An evolutionary conserved RNA-binding domain, which was originally identified in the human hnRNPK protein, and that recognizes single-stranded RNA sequences. Many RNA-binding proteins contain multiple copies of the KH domain.

MITOCHONDRIAL CLOUD

Also known as the Balbiani body. An aggregate of mitochondria surrounded by electron-dense material that forms next to the nucleus of pre-vitellogenic amphibian oocytes. It subsequently moves to the vegetal pole of the oocyte, where it is thought to have a central role in the assembly of germ plasm.
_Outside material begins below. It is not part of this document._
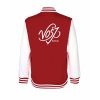 College mikina back red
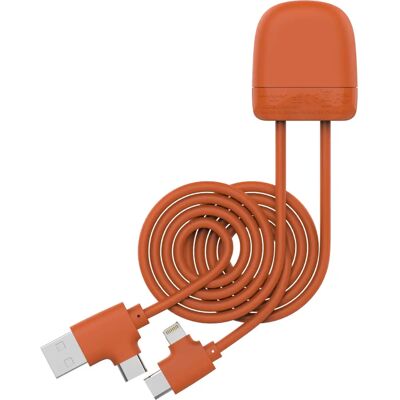 Cable de carga y datos XOOPAR Ice-C USB-C USB Lightning 1m Cable de carga y datos XOOPAR Ice-C USB-C USB Lightning 1m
RIBONUCLEOPROTEIN (RNP) COMPLEX

A complex of protein and RNA.

EXON JUNCTION COMPLEX

(EJC). A protein complex that is deposited as a consequence of pre-mRNA splicing 20–24 nucleotides upstream of splicing-generated exon–exon junctions of newly synthesized mRNA. The EJC is required for efficient nuclear export, nonsense-mediated mRNA decay in mammals and the posterior localization of oskar mRNA.

hnRNP

(Heterogeneous nuclear ribonucleoprotein). A group of >20 proteins that associate with high-molecular-weight nuclear RNA. Some hnRNP proteins, such as members of the hnRNPA/B family, shuttle in and out of the nucleus, whereas others are strictly nuclear.